A mitad de camino apareció un coche y ofreció llevarme. La isla no era segura y dudé, pero la alternativa se veía francamente peor. El tipo resultó impecable. Me depositó en la casa y solo aceptó las gracias.

Me acababa de mudar a Ginebra siguiendo la promesa de un trabajo pactado que se esfumó. Empecé a ver qué hacer para ganarme la vida y decidí abrir una tienda. Encontré un súper local y ofrecí comprar el traspaso. El único tema es que no tenía cómo. Pedí prestado a familia y conocidos pero el día de la firma me faltaba casi la mitad. Muerta de vergüenza y de pena decidí igual ir a la reunión.
En la parada del autobús me encontré con un tipo que había conocido hacía poco. Solo sabía que era banquero, que estaba quebrado y andaba escapando de los acreedores. Casi yo. Me preguntó adónde iba y me invitó un café. “Muerta por mil, muerta por mil quinientos” pensé, y le conté lo que me pasaba, “No me importa decírtelo porque sé que estás igual de quebrado que yo”. Sonrió y me dijo “Si. Pero no tanto que no pueda ayudarte”**.
Allí mismo sacó su chequera me escribió un cheque. Solo aceptó las gracias. Seis meses después le devolví su plata.

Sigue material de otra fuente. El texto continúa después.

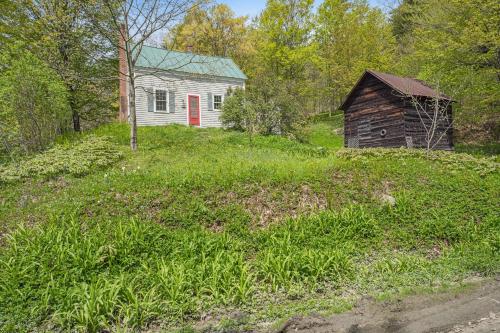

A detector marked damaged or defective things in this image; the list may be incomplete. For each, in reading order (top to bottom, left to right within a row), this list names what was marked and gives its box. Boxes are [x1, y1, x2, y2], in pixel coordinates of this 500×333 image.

Volviendo al viaje de ahora y la carrera de obstáculos del nuevo pre-embarque en la era del Covid. Test PCR 72 horas antes, ni antes ni después. Llenar el certificado de salud on-line. Sistema no acepta –o no le gusta- mi nombre. Inútil. Trato con acentos sin acentos, abreviado: nada. Paciencia. Para los incompetentes que pasan de 60 queda poder llenarlo a mano. Así por lo menos prometen.
Con la adrenalina a tope llego al aeropuerto donde me doy cuenta que en la angustia me olvidé el carry-on. Chofer recursivo ofrece salir disparado a buscarlo a mi casa -allí entiendo porque piden 3 horas antes: es para gente como yo. Lo de llenar manual era un cuento.
En el mostrador un ángel disfrazado de agente trata de ayudarme. Inútil. A estas alturas mi presión ronda por el barrio del ACV. Revengo a Tabatha, quién a la idea que me voy a morir sobre su mostrador, le salen alas. Sube a las oficinas y una hora después baja con todo lleno, al preciso instante que llega la maleta y agarro el vuelo con las justas.


Soy la única pasajera a bordo.
La azafata Pierina me trae un sándwich misterioso, un magro sustento para cinco horas de vuelo. Y esto en Premium porque la Business ya fue. Exploro desconfiada el pan y me resigno a ayunar con 5 horas de Netflix descargadas en mi celular porque el entretenimiento a bordo se fue al mismo lugar de la comida caliente.


Antes de llegar a Pierina le crecen sus propias alas y me propone una bandeja de almuerzo “igual a la del capitán”. Pequeñas bondades así te arreglan cualquier viaje.
* “Un tranvía llamado deseo” (Tennessee Williams, 1947).
** No es lo mismo un suizo quebrado que un peruano misio.